● EXERCISE MATERIALS:
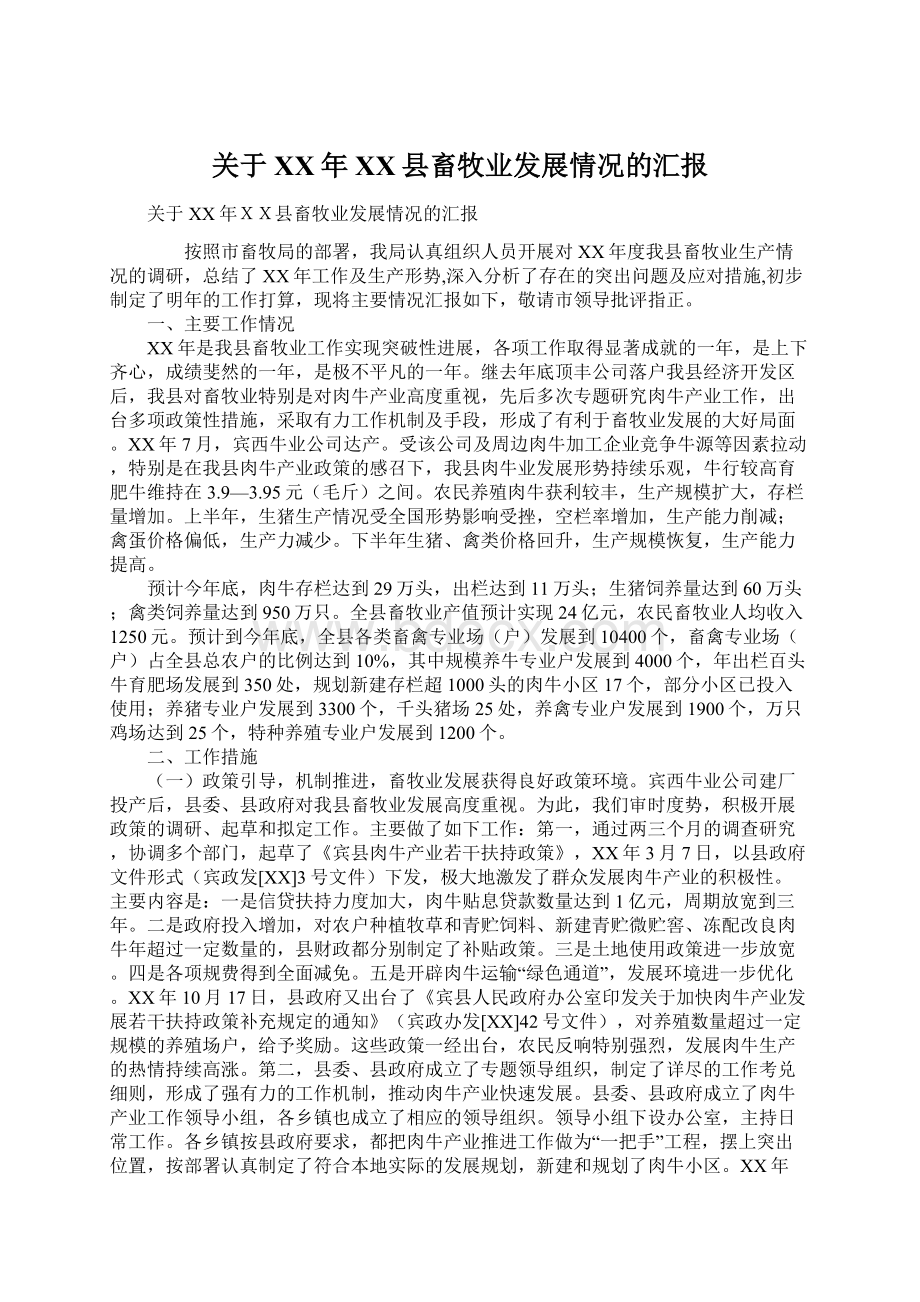 关于XX年XX县畜牧业发展情况的汇报Word格式文档下载.docx_第1页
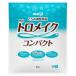 [ бесплатная доставка ] акционерное общество Meiji Toro макияж compact 2kg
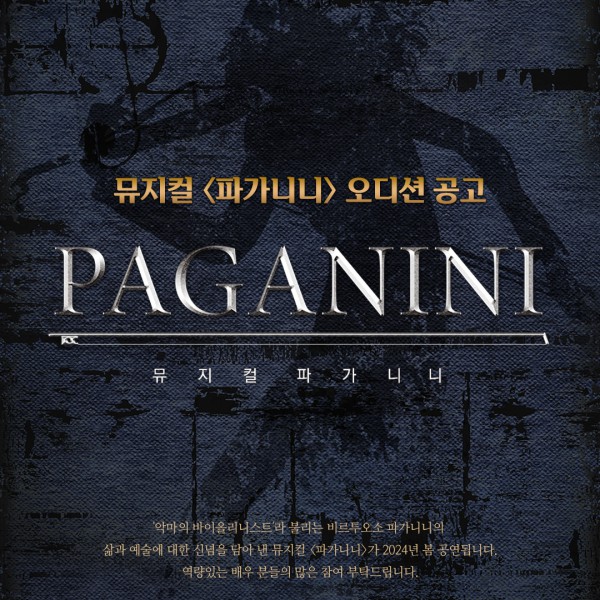 ▲ 뮤지컬 '파가니니' 오디션 공고 이미지.ⓒHJ컬쳐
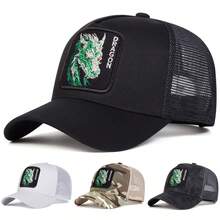 1 件男士龙卡车司机帽，个性化字母和龙刺绣棒球帽，街头时尚，春季、秋季、旅行、海滩休闲帽 - 彩色 - 查看 9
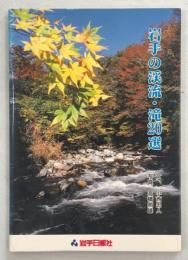 岩手の渓流・滝20選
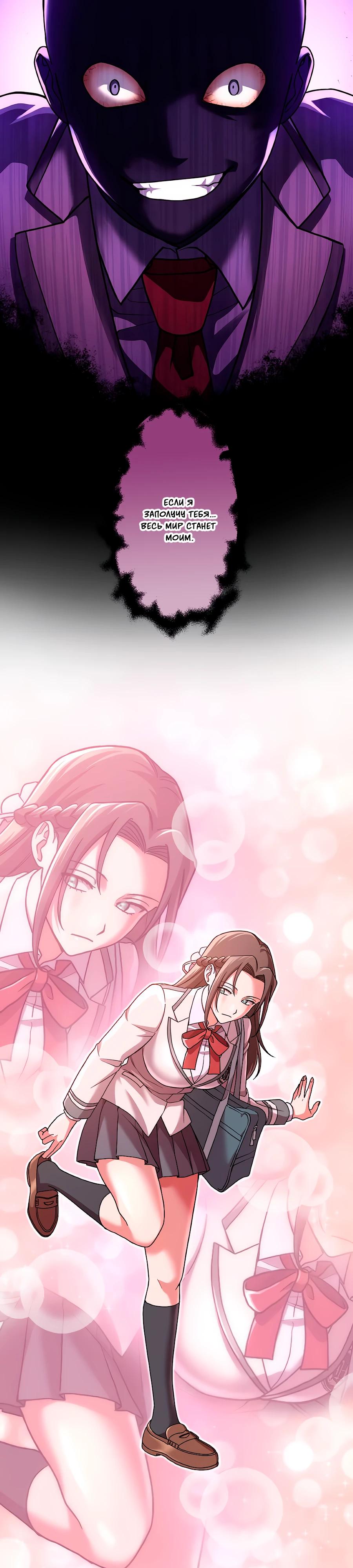 Манга Крутой Учитель Курэнай - Глава 6 Страница 2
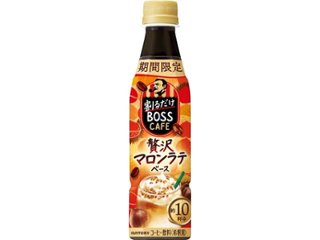 割るだけボスカフェ 贅沢マロンラテベース３４０ｍｌ ×24 【全国送料無料】(一部地域別途)の画像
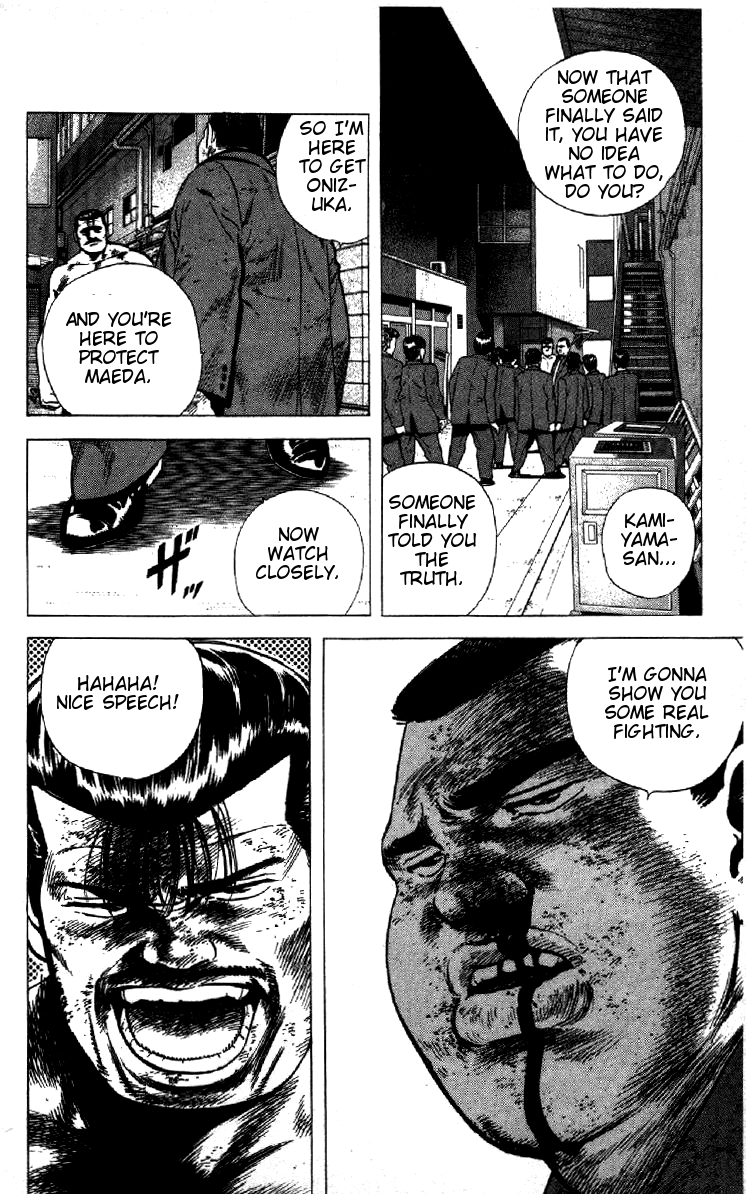 Rokudenashi Blues Chapter 145 page 8 - Chapter 145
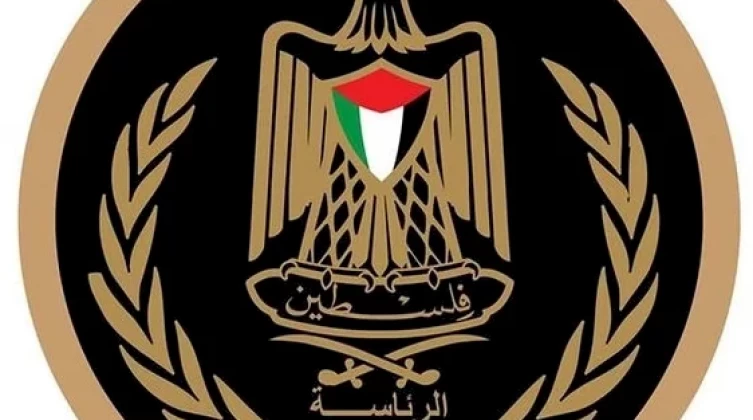 الرئاسة تثمن البيان الذي طالب بعودة قطاع غزة إلى مسؤولية منظمة التحرير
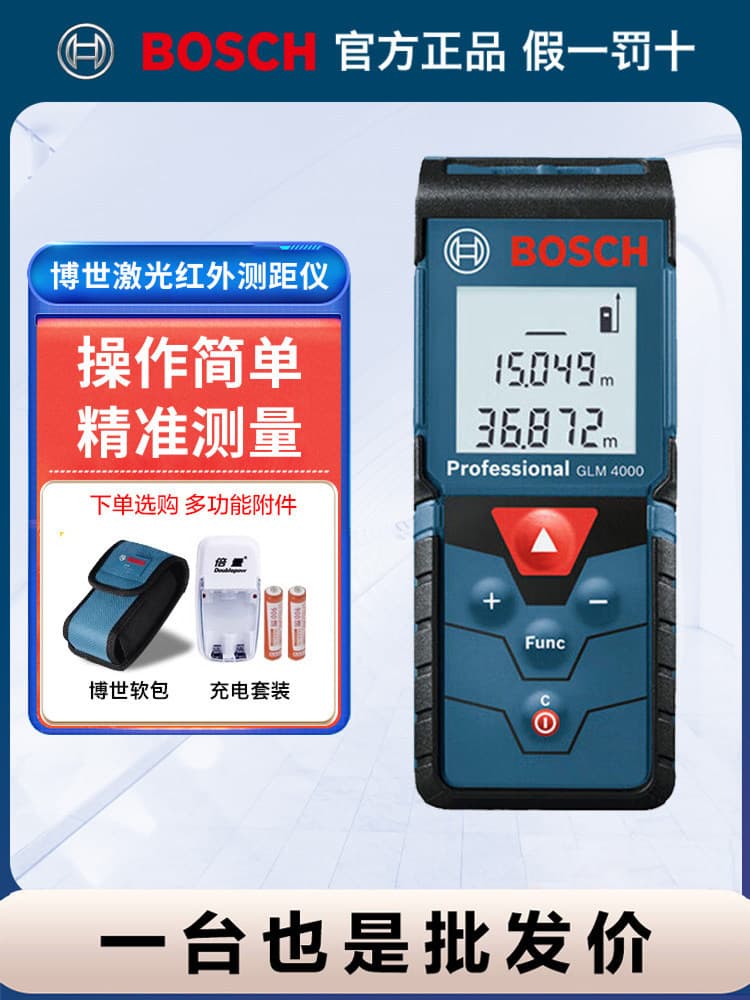 Bosch Laser Distance Measurer Handheld Level GLM25/30/40/50M Infrared Electronic Ruler for Renovation and Room Measurement
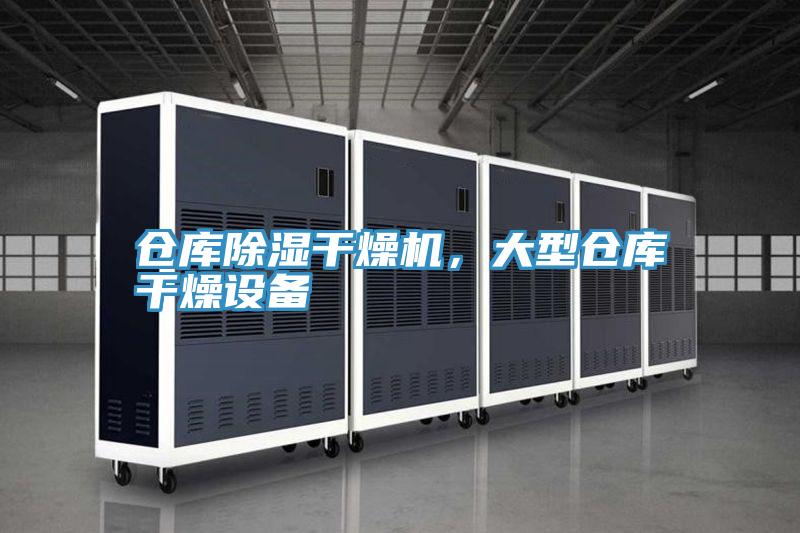 仓库除湿干燥机，大型仓库干燥设备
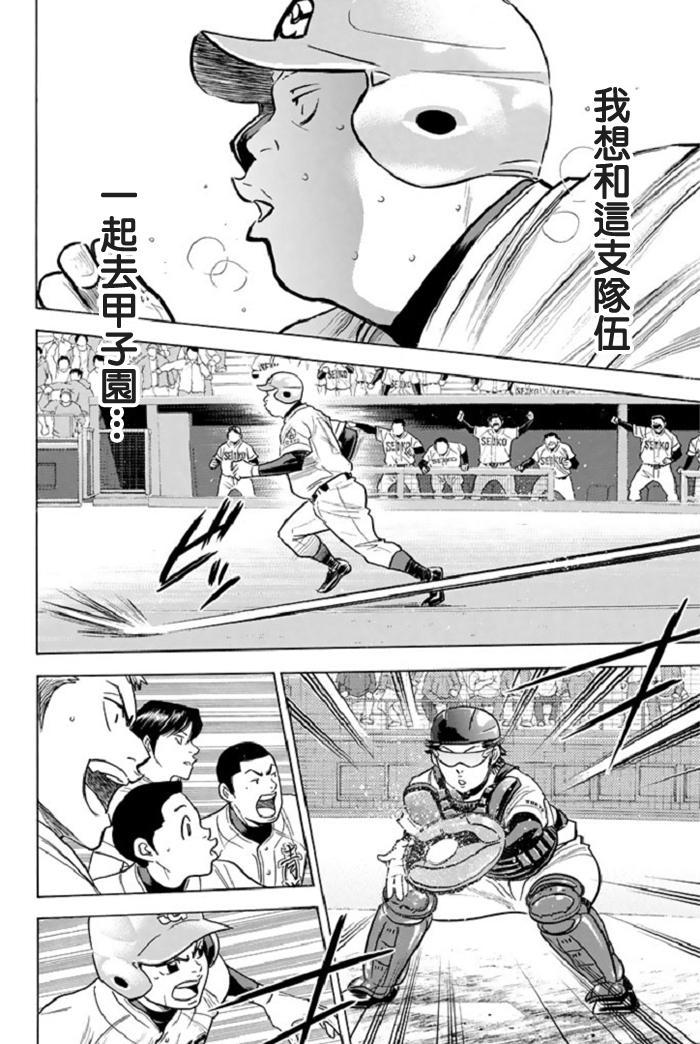 《钻石王牌》漫画最新章节第346话免费下拉式在线观看章节第【14】张图片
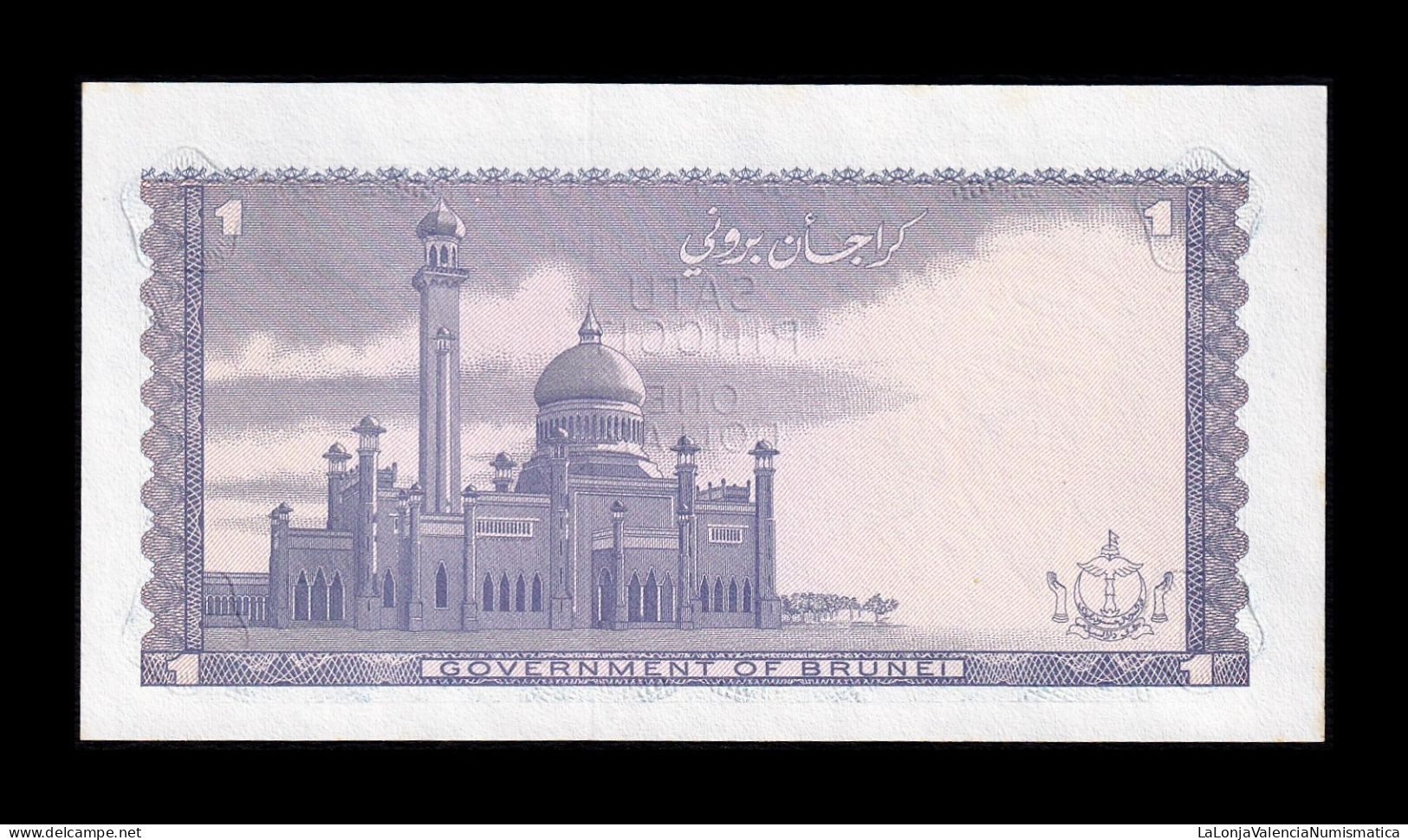 Brunei 1 Ringgit 1988 Pick 6d Sc Unc - Brunei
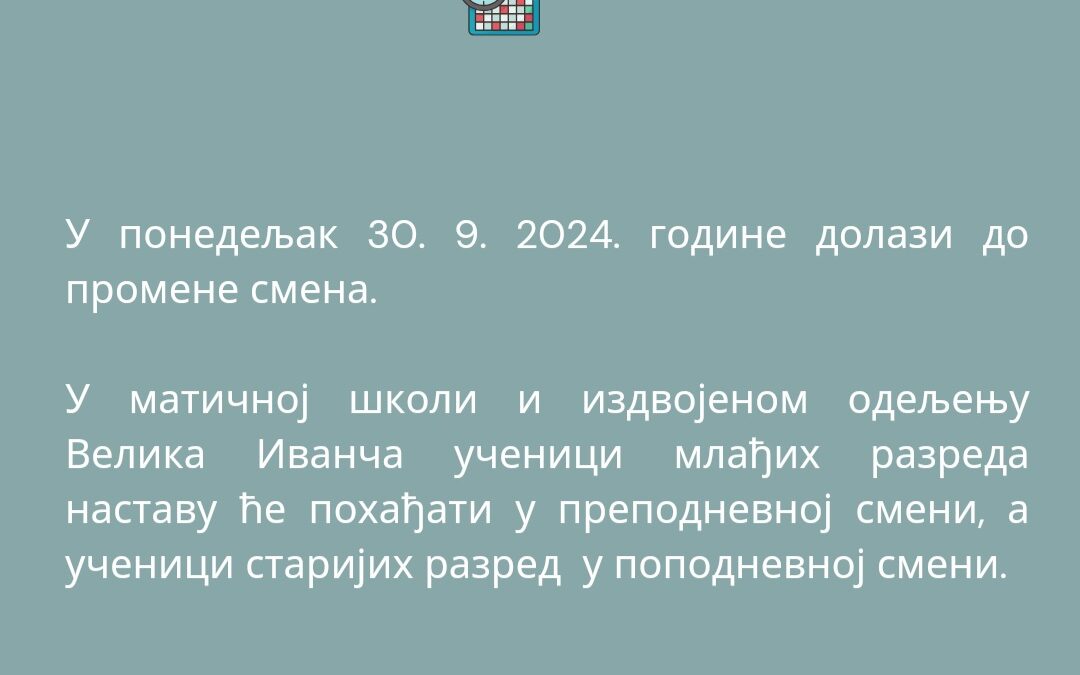 ОБАВЕШТЕЊЕ О ПРОМЕНИ СМЕНЕ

● ASSIGNMENT: Beginning at the line that contains "仓库除湿干燥机，大型仓库干燥设备", retype each line of the data above through the very last one. Do not retype the pictures.

● RESPONSE TO THE EXERCISE:
 仓库除湿干燥机，大型仓库干燥设备
 《钻石王牌》漫画最新章节第346话免费下拉式在线观看章节第【14】张图片
 Brunei 1 Ringgit 1988 Pick 6d Sc Unc - Brunei
 ОБАВЕШТЕЊЕ О ПРОМЕНИ СМЕНЕ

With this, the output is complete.